Michael Lonsdale est né le 24 mai 1931 d'une mère française, et d'un père anglais. Après avoir passé son enfance entre la France, l'Angleterre et le Maroc, il découvre le théâtre grâce à sa rencontre avec Roger Blin en 1947. Passionné d'art dramatique, il est alors élève du cours de Tania Balachova. Dès 1956, il multiplie les petits rôles au cinéma, notamment dans les films de Gérard Oury et de Jean-Pierre Mocky. Il fait même une apparition en prêtre dans Le Procès d'Orson Welles.
Mais c'est François Truffaut qui lance véritablement sa carrière cinématographique en lui offrant deux rôles, l'un dans La Mariée était en noir en 1967, l'autre dans Baisers volés en 1968. Des années 50 à nos jours, Michael Lonsdale alterne les rôles pour le cinéma et la télévision. Il croise ainsi la route de nombreux réalisateurs de renom, tels que Louis Malle, Jean Eustache Jean-Jacques Annaud ou encore Luis Bunuel…Le comédien varie les registres et fait preuve d'une grande ouverture dans ses choix artistiques. Il joue aussi bien dans des films d'avant-garde que dans de grosses productions hollywoodiennes, comme un James Bond en 1979, ou Munich de Steven Spielberg en 2005.
Il multiplie également les rôles au théâtre, interprétant des textes de Duras, de Beckett ou encore de Tchekhov. En 1972, il a notamment fondé une compagnie de théâtre musical, le théâtre des Ulis avec Michel Puig.
Parallèlement, il prête sa voix à la radio, à des lectures de textes littéraires et philosophiques, à des personnages de films d'animation (la voix du Psy dans Titeuf, le film ou de Maître Flavius dans Le Château des Singes), ou encore aux voix off de plusieurs documentaires. Cependant, il ne s'en tient pas à l'interprétation, il est également metteur en scène : sa dernière pièce en date est L'amante anglaise de Marguerite Duras en 2013.
En 2011, il remporte le César du Meilleur Second Rôle masculin pour Des Hommes et des Dieux de Xavier Beauvois. C'est le premier César de sa longue et prolifique carrière. La même année, il est l'invité d'honneur du festival Paris Cinéma.

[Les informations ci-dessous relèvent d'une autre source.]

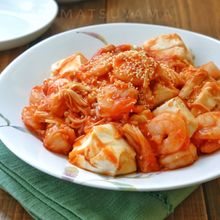 ＊むき海老とえのきと豆腐のエビチリ風＊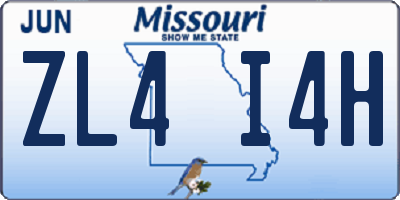 MO license plate ZL4I4H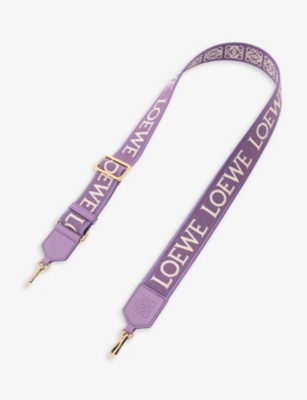 LOEWE: Anagram loop cotton and leather bag strap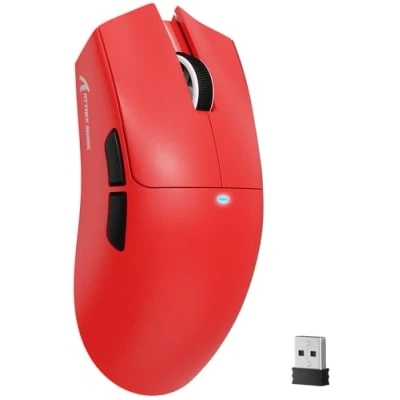 Image de ATTACK SHARK X11SE Souris de Jeu sans Fil, Ultra légère, 63g, avec Capteur PixArt PAW3311, 22000 PPP, Trimode BT/2,4GHz/Filaire, 1000 Hz, Batterie 300mAh, Double Pilote, pour PC/Mac (Rouge)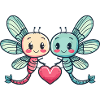 Libellule Couple Amour Saint Valentin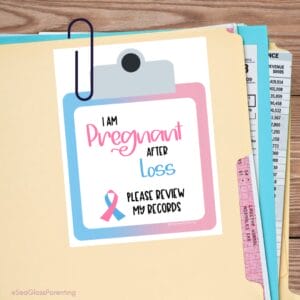 "I am Pregnant after Loss. Please review my records." appointment card on paperwork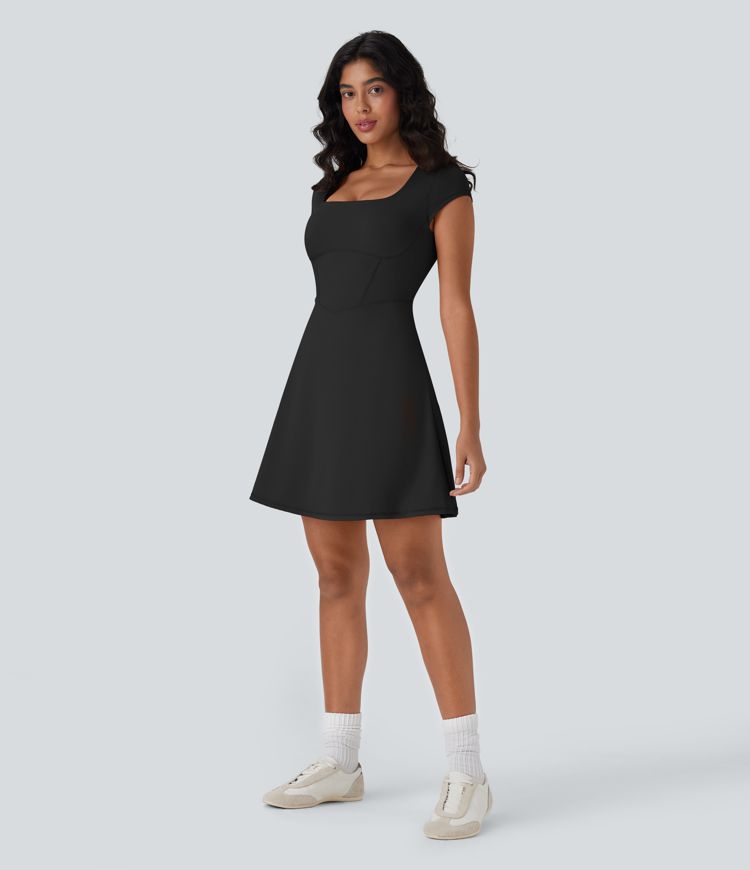 SoftlyZero™ Plush Squzre Neck Corset 2-in-1 Mini Casual Dress with Pocket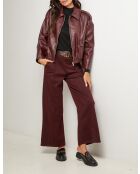 Blouson faux cuir avec poche Garance bordeaux
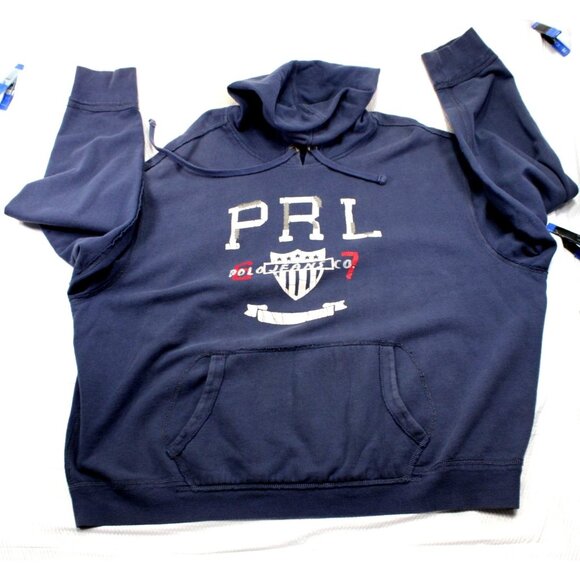 Polo Jeans Co Navy Hoodie XXL PRL Big Logo Distressed Sweatshirt *Flaws* - Picture 1 of 9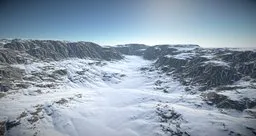 High-resolution 3D-rendered snow-covered mountain landscape with 4K textures suitable for Blender.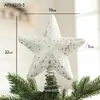 Nuevo Polvo Pegajoso Transfronterizo Estrella de la Punta del Árbol de Navidad Estrella Explosiva Estrella de Cinco Puntas Decoraciones Navideñas Diseño de Escena Navideña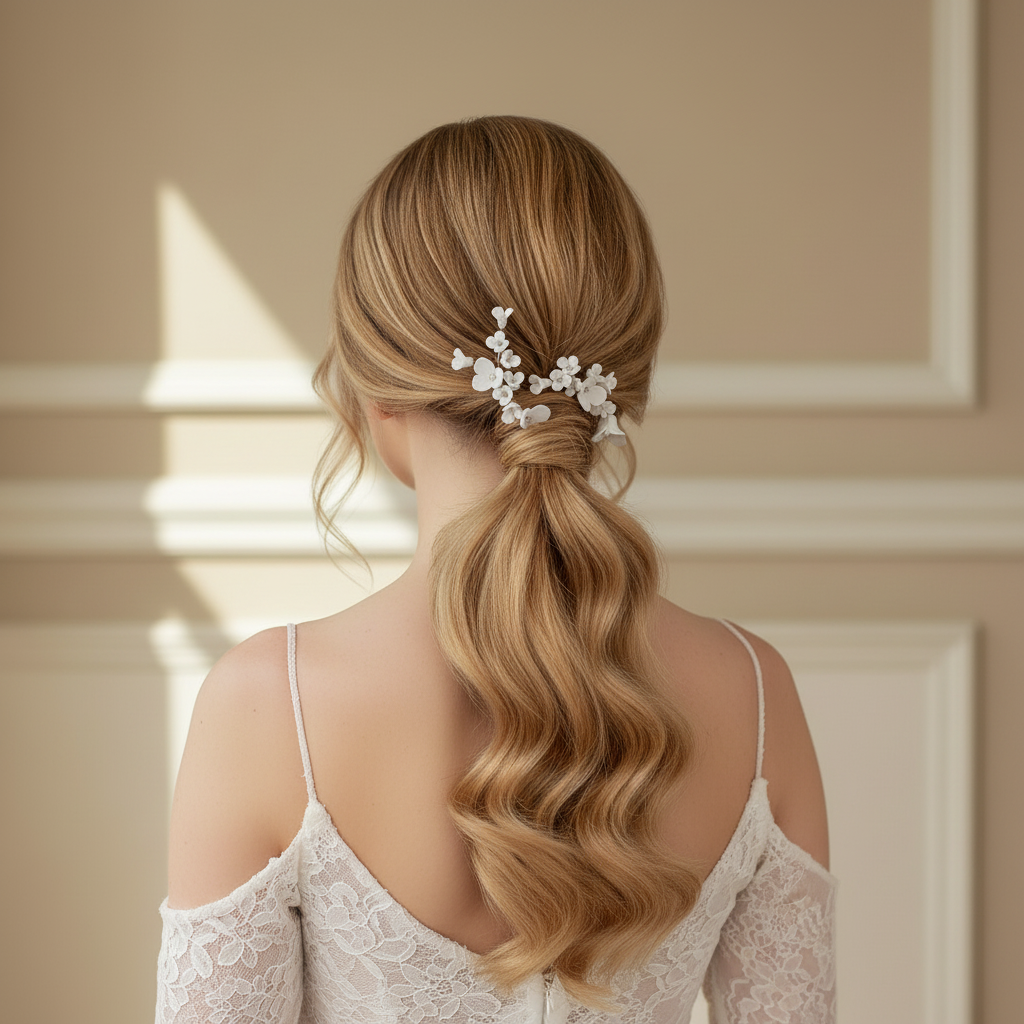 Model wearing the LILLIAN silver porcelain flower hairpin in a half-up style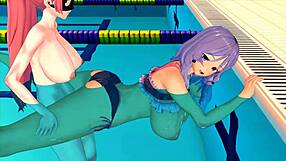 Girl Gets Facial While Studying Swimming In 3D Hentai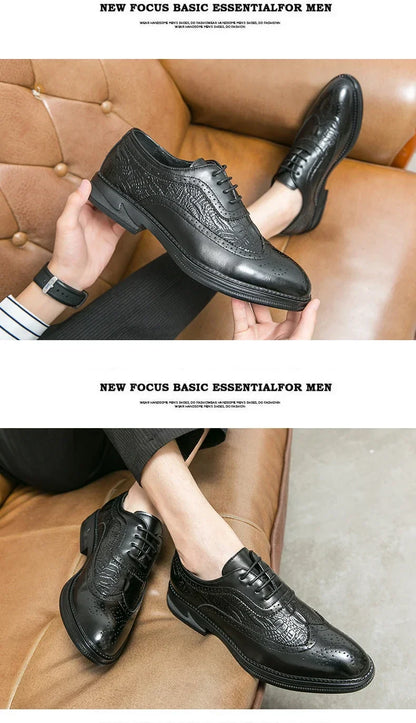 Men Suit Casual Shoes Luxury Men Brogue Dress Shoes Formal Business Leather Shoes Men Brown Wedding Italian Banquet Shoe Size 46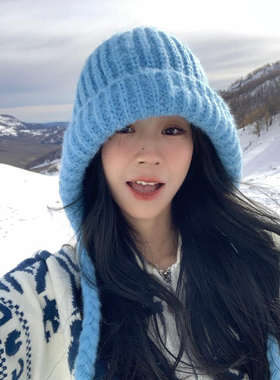 蓝色针织帽子女冬季巴拉克拉法帽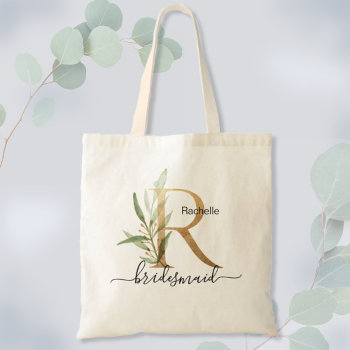 Bridesmaid Gold Leaf Greenery Foliage Monogram "r" Tote Bag by HappyDesigner at Zazzle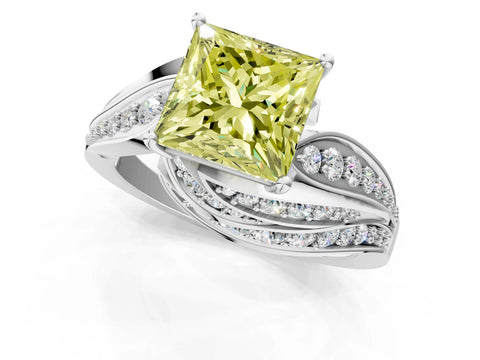 White gold Fancy Yellow Princess Cut Diamond Solitaire Ring with Prong Setting and Twisted Pavé Band_13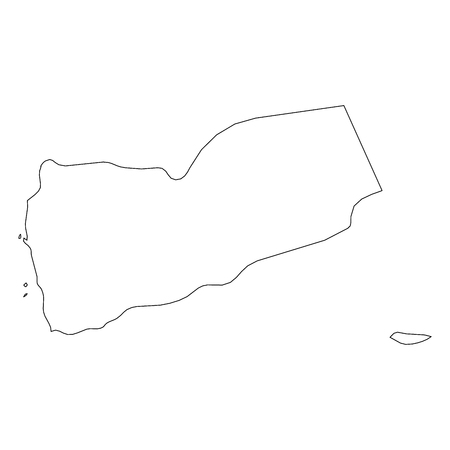 Yemen - solid black outline border map of country area. Simple flat vector illustration.のイラスト素材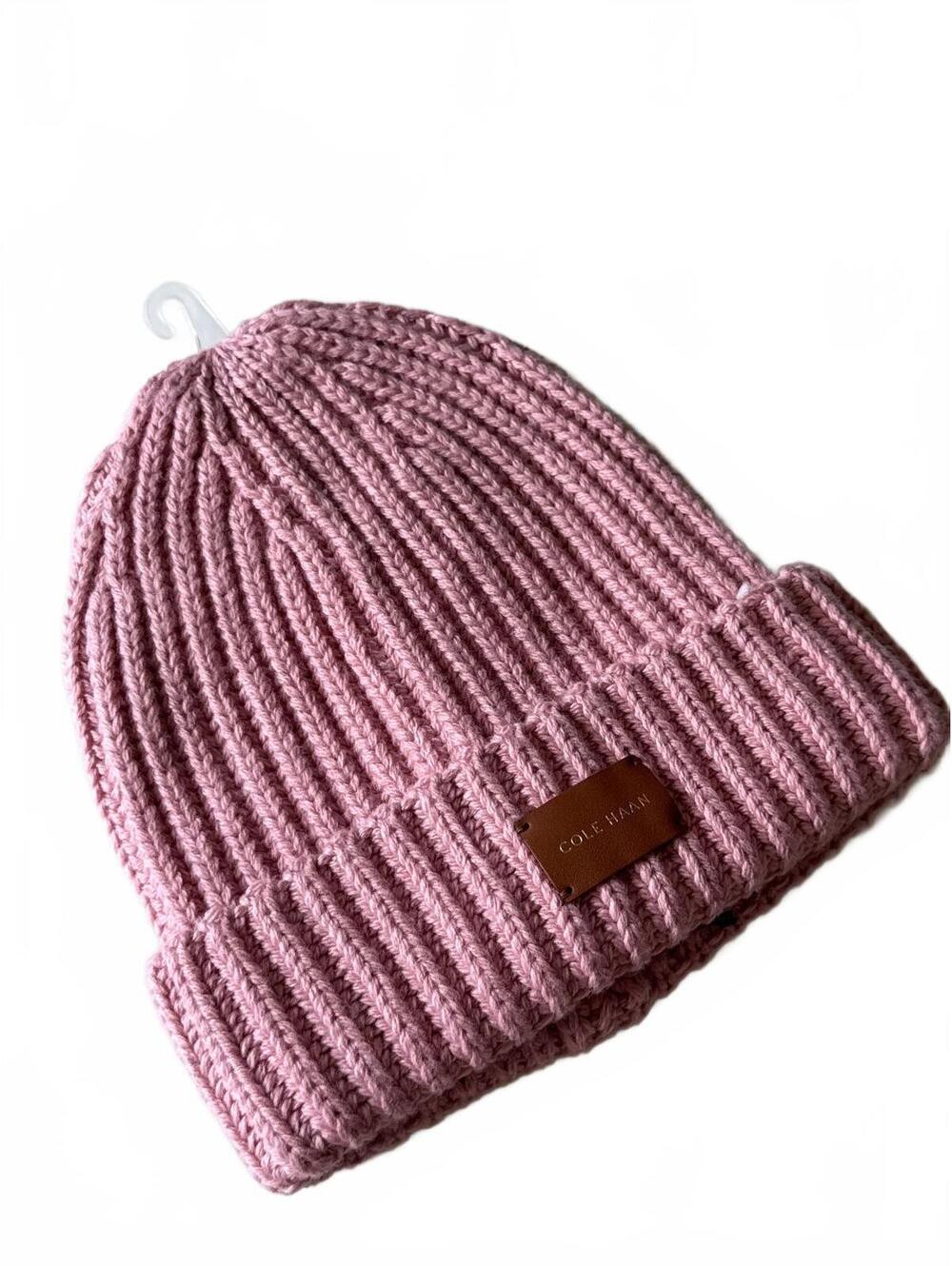 Cole Haan Logo Lipsy Pink Chunky Knit Cuffed Beanie Winter Hat OS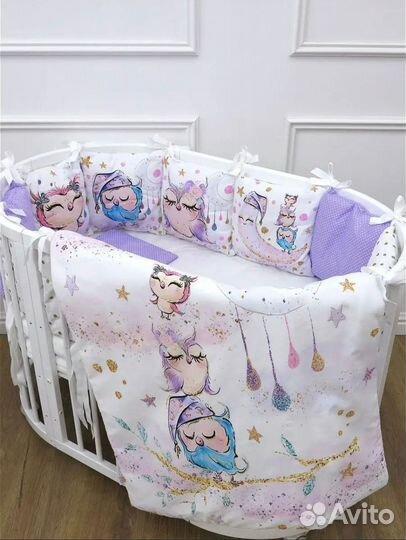 Бортики в детскую кроватку с постельныйм бельём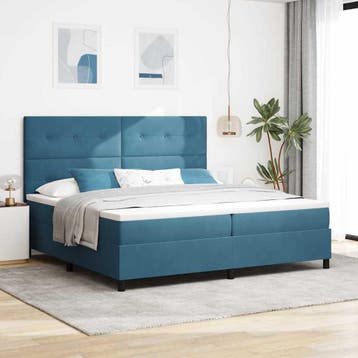 vidaXL Boxspringbed met hoofdeinde Donkerblauw 200 x 200 cm, Verzenden, Nieuw, Blauw, Stof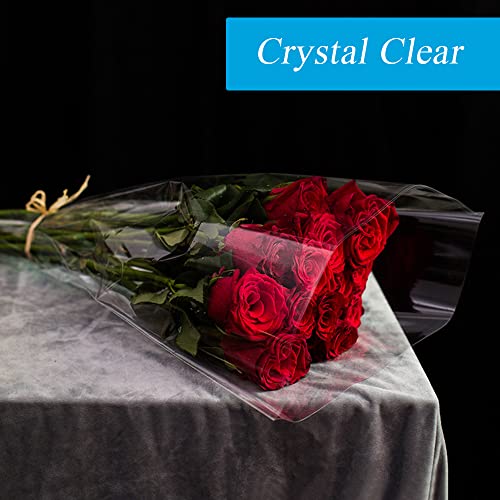 Image of JOYIT 220 ft Clear Cellophane Wrap Roll (35 in x 220 ft) - 3 Mil Thickness Cellophane Roll, Cellophane Bags Large, Clear Wrapping Paper for Flower Gift Baskets Wrap (35 inch fold into 17.5 inch)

Le 21 septembre 2020, l'acteur meurt à son domicile parisien, à 89 ans.
Michael Lonsdale au festival de Cannes 2010 lors de la présentation du film Des hommes et des dieux. |
Catholique engagé, Michael Lonsdale est proche de la Communauté de l’Emmanuel. En 1987, à l’invitation de Dominique Rey, alors jeune prêtre, il participe au premier Festival Magnificat à Paray-le-Monial avec Philippe Bizot, Catherine Salviat, Jacques Loussier, Michel Piquemal, Daniel Facérias, Cyril Atanassoff, Goudji. En 1988, il cofonde le Centre Artistique Chrétien Magnificat, destiné plus spécialement aux artistes.
En 1998, il accepte d'être le parrain d'une promotion de l'Institut catholique d'études supérieures situé à La Roche-sur-Yon et est membre de la section « arts et lettres » de l'Académie catholique de France. En 2014, il accepte de parrainer une jeune troupe de théâtre : la Troupe des Potimarrants.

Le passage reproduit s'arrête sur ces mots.